Semana passada a Falha publicou uma “pérola” com um título algo como: “O governo Lula ‘contemplou’ 8 mil veículos de propaganda em seu mandato – um ‘aumento’ de 1500%. Foram gastos R$ 2,5 bi/ano”. O título da matéria está correto, mas induz a uma interpretação errada. Dá a entender que Lula gastou muuuuito mais do que FHC ou qualquer outro presidente com propaganda institucional – o que é absolutamente falso. O fato: Lula não aumentou a verba. Aumentou sim, o número de órgãos que recebem aquela verba. Deixou de destinar tudo ao PIG (como faziam FHC e os outros), para dividir entre 8 mil órgãos de mídia espalhados de norte a sul do país. Quem lê a matéria entende que Lula democratizou a distribuição da verba. Mas e quem lê o título, de passagem pela banca de jornal ou pelo UOL? O truque é induzir o leitor a se achar esperto: “por isso tem 87% de aprovação! Lula aumentou a publicidade em 1500%!” – “Lavagem cerebral, tá tudo dominado!” – diria o extinto comediante do extinto Casseta & Planeta, Marcelo Madureira. “Pura propaganda, nunca saiu do papel, é só imagem! - diriam Reinaldo Azevedo, Miriam Leitão e Josias de Souza. “O homem nunca pisou na lua!” – diriam os mais “bem informados”…

O problema não é o PIG. Eles que tenham a liberdade de expressão para afirmar que o céu é amarelo. Pouco importa. O que importa mesmo, é que fontes de informação alternativas ao PIG sejam amplificadas para terem o mesmo peso e abrangência. Até mesmo a blogosfera. Para que a informação não venha em via única, definitiva, como foi até pouco tempo. Que se possa dizer que o céu é azul com a mesma intensidade com que o PIG diz que é amarelo. E deixar o leitor/telespectador decidir o que ver e no que acreditar. Como foi o caso da “bolinha de papel”. Isso é LIBERDADE DE IMPRENSA! É este o cerne da questão. Não precisamos e não nos faria bem algum censurar Globo, Falha, Estadão e Veja. São um PIG necessário. Pode-se dizer vital, até. Muito melhor é detectar seus movimentos golpistas e suas mentiras. Muito melhor promover o debate e denunciar suas intenções em cada mentira. Pior seria o silêncio dos conspiradores invisíveis.
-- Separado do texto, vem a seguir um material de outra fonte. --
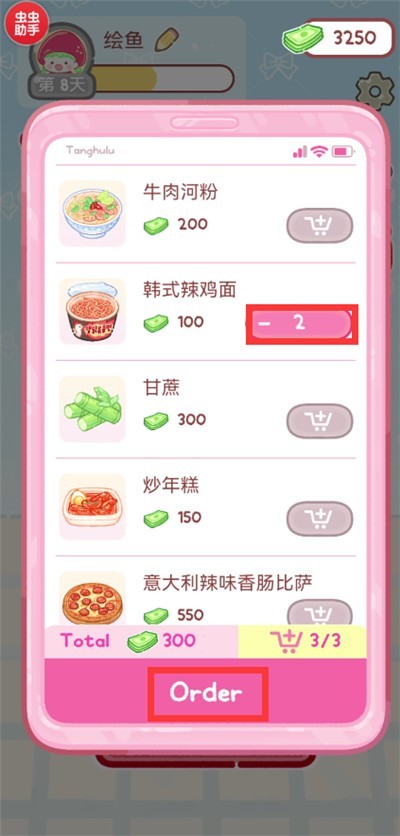 糖葫芦达人正版游戏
Na semana que antecedeu a posse de Dilma – mesmo com os índices de 87% de aprovação em todas as camadas sociais do povo brasileiro – a Falha tratou de desmerecer o governo e o presidente diariamente. Como se fossem os últimos cartuchos. Suas manchetes pareciam aquelas sobras de rojão do dia seguinte. Queima antes de perder a validade! Ao mesmo tempo é um prelúdio: o PIG pretende desmoralizar, desqualificar, minimizar e tirar todos os créditos do presidente Lula. Fará isso incansavelmente, para todo o sempre. Pretende reescrever a história. Não é à toa que o governo registrou em cartório 6 volumes descrevendo tudo o que foi feito nos últimos 8 anos e mais o que está em andamento. Calejado por 3 décadas de golpes baixos por parte do PIG, Lula sempre esteve um passo à frente deles.